Task requirements ->
Keep the pictures out of the copy and repeat the records exactly.

Data ->
....................

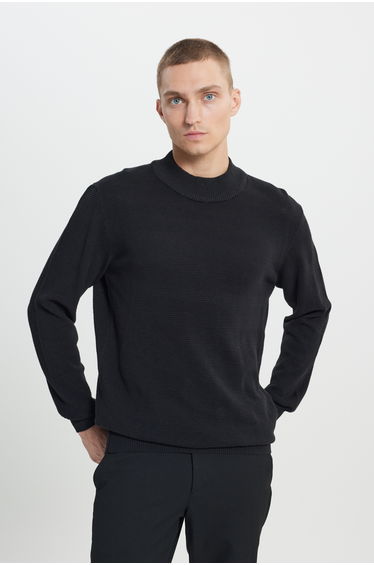 Men's Black Standard Fit Regular Cut Half Turtleneck Cotton Jacquard Knitwear Sweater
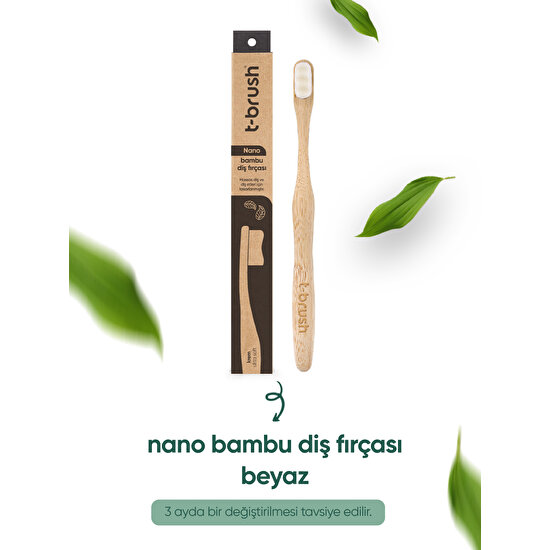 Nano Vegan Bambu Diş Fırçası - Ultra Soft (Hassas Dişler için) - Beyaz Renk - Plastiksiz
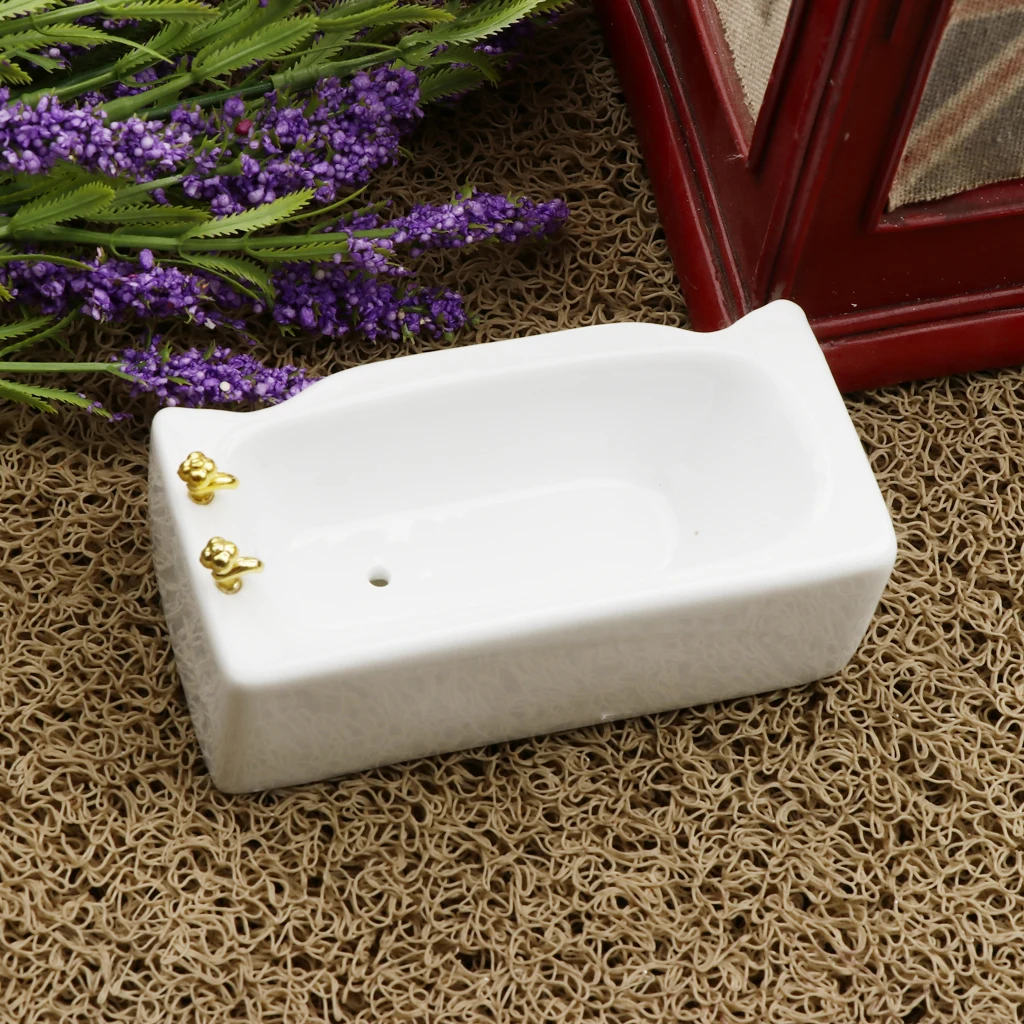 1/12 Ceramic White Square Bathroom Bathtub Doll House Furniture Micro Model Decoration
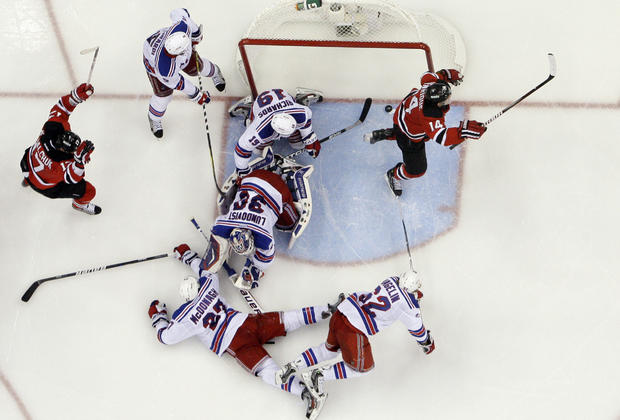 Adam Henrique celebrates after scoring during the overtime  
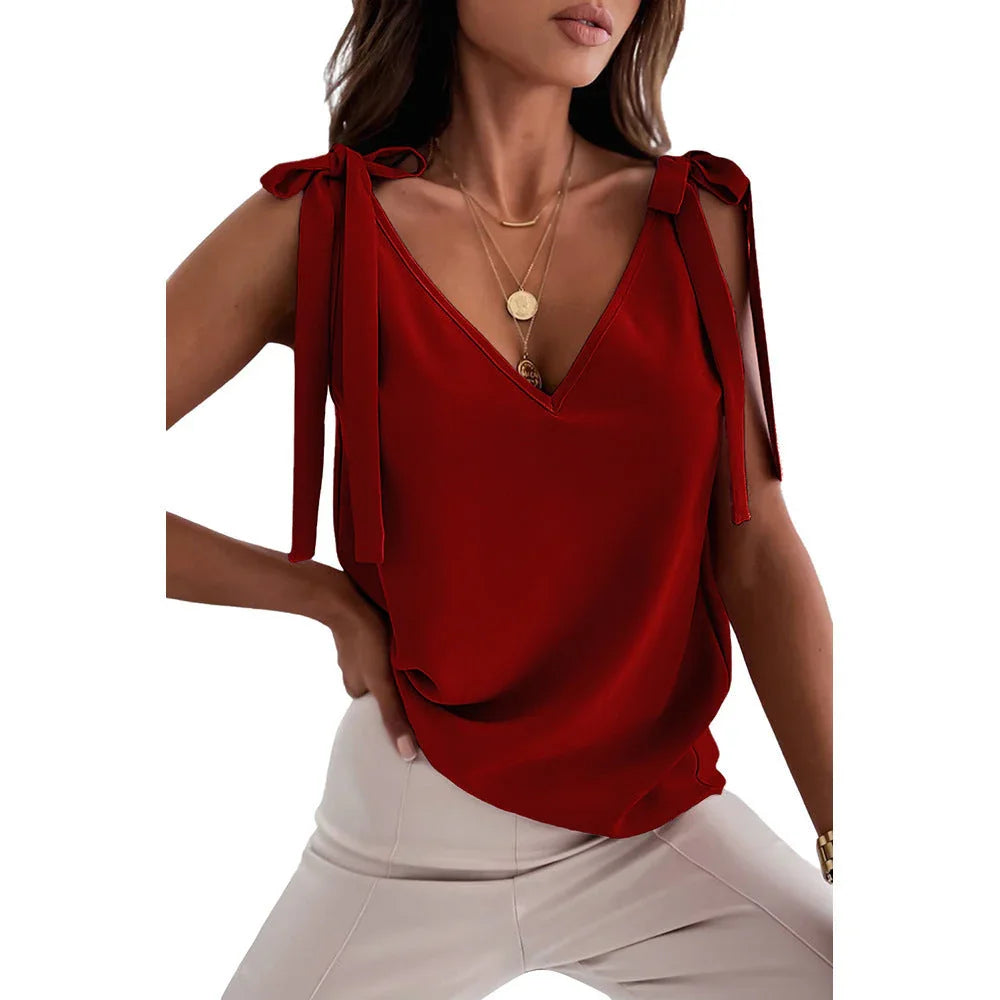 Shoulder Lace-up Bow Suspenders Vest Women's Sweet V-neck Top - VAleG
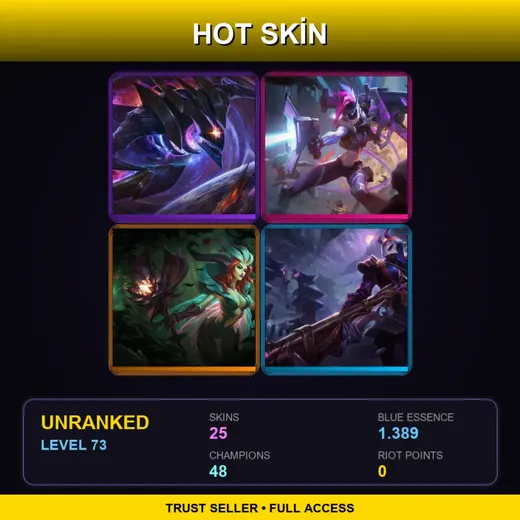 VN | PROJECT: Jinx | Elderwood LeBlanc | Dark Star Kha'Zix | Blood Moon Jhin | 25 Skin | 48 Champ | Lv73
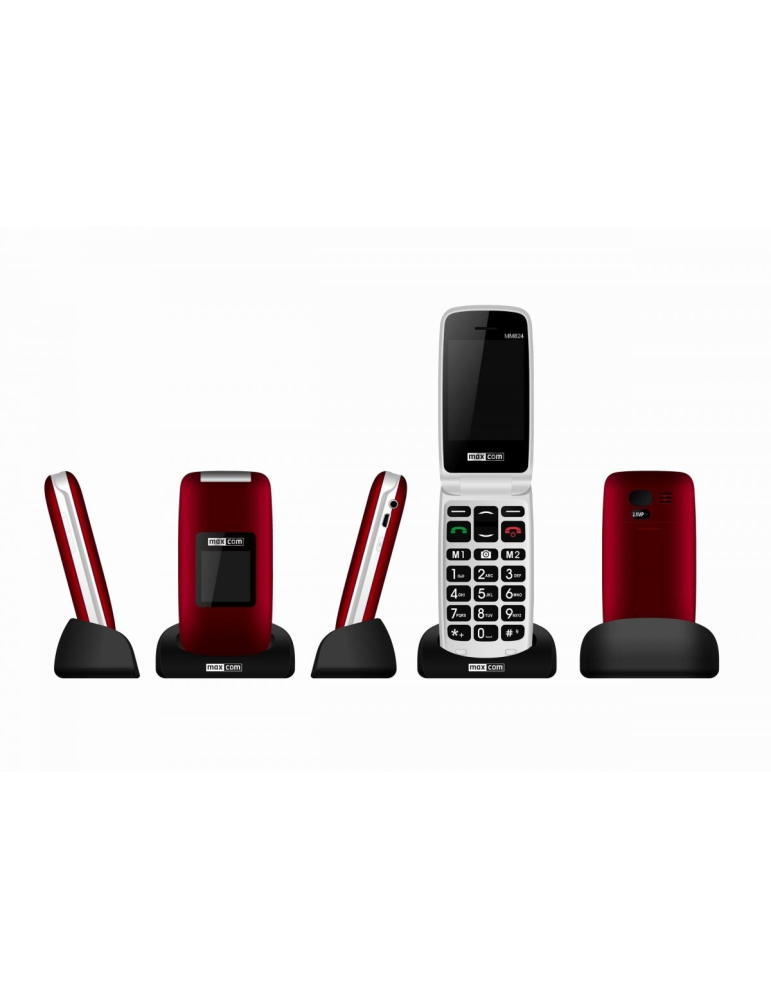 Teléfono Senior Móvil Con Tapa MAXCOM MM824 Rojo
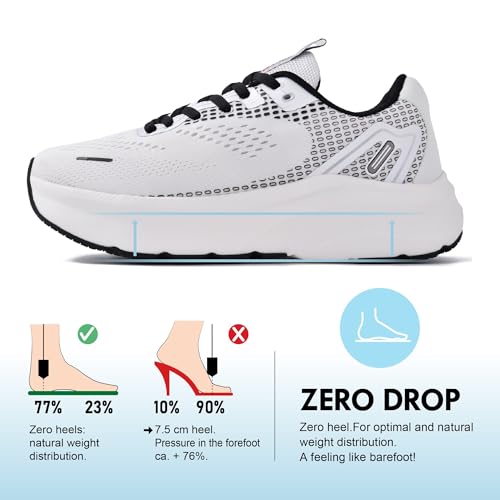 JACKSHIBO Wide Toe Box Shoes Women Orthopedic Plantar Fasciitis Sneakers 9.5 Wide Wide Sneaker White
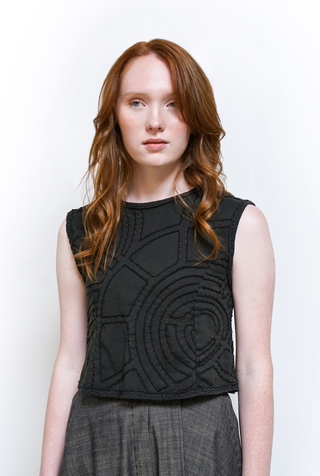 Alabama chanin organic handcrafted cropped chloe top 2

....................

Response area ->
 Men's Black Standard Fit Regular Cut Half Turtleneck Cotton Jacquard Knitwear Sweater
 Nano Vegan Bambu Diş Fırçası - Ultra Soft (Hassas Dişler için) - Beyaz Renk - Plastiksiz
 1/12 Ceramic White Square Bathroom Bathtub Doll House Furniture Micro Model Decoration
 Adam Henrique celebrates after scoring during the overtime  
 Shoulder Lace-up Bow Suspenders Vest Women's Sweet V-neck Top - VAleG
 VN | PROJECT: Jinx | Elderwood LeBlanc | Dark Star Kha'Zix | Blood Moon Jhin | 25 Skin | 48 Champ | Lv73
 Teléfono Senior Móvil Con Tapa MAXCOM MM824 Rojo
 JACKSHIBO Wide Toe Box Shoes Women Orthopedic Plantar Fasciitis Sneakers 9.5 Wide Wide Sneaker White
 Alabama chanin organic handcrafted cropped chloe top 2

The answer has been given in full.